» YOUR ASSIGNMENT: Your answer must be the full listing, word for word, with no images in it.

##### SUPPLIED INFORMATION #####

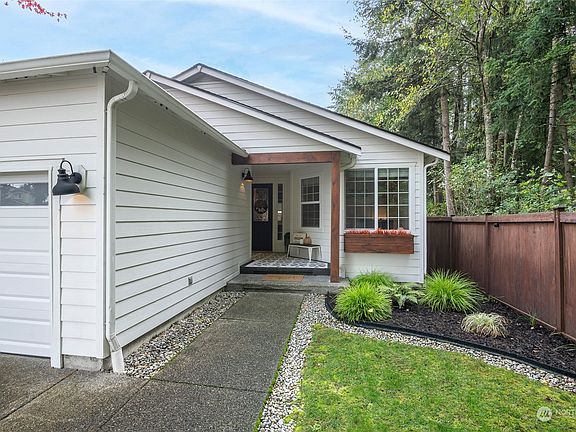 2nd image of 17725 89th Avenue E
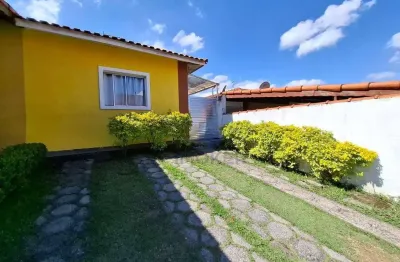 Casa térrea no condomínio parque das colinas; bairro vila áurea, poá/sp; 2 quartos; 2 vagas.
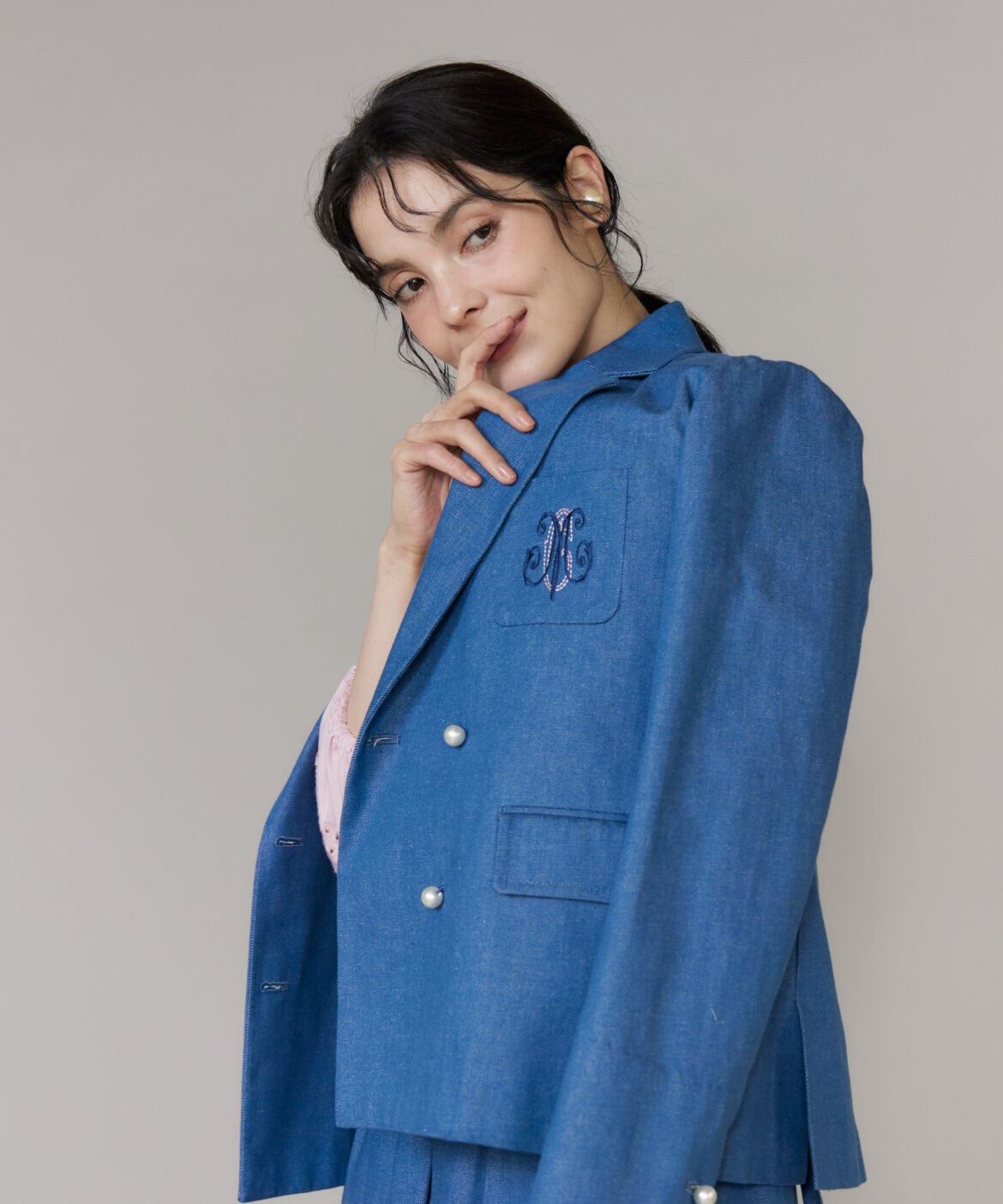 Maglie le cassetto「《ﾌﾟﾗｽｻｲｽﾞ》《WEB･POPUP限定》刺繍ｺﾝﾊﾟｸﾄﾃﾞﾆﾑｼﾞｬ  」|デニムジャケット|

#####

» EXPECTED ANSWER:
 2nd image of 17725 89th Avenue E
 Casa térrea no condomínio parque das colinas; bairro vila áurea, poá/sp; 2 quartos; 2 vagas.
 Maglie le cassetto「《ﾌﾟﾗｽｻｲｽﾞ》《WEB･POPUP限定》刺繍ｺﾝﾊﾟｸﾄﾃﾞﾆﾑｼﾞｬ  」|デニムジャケット|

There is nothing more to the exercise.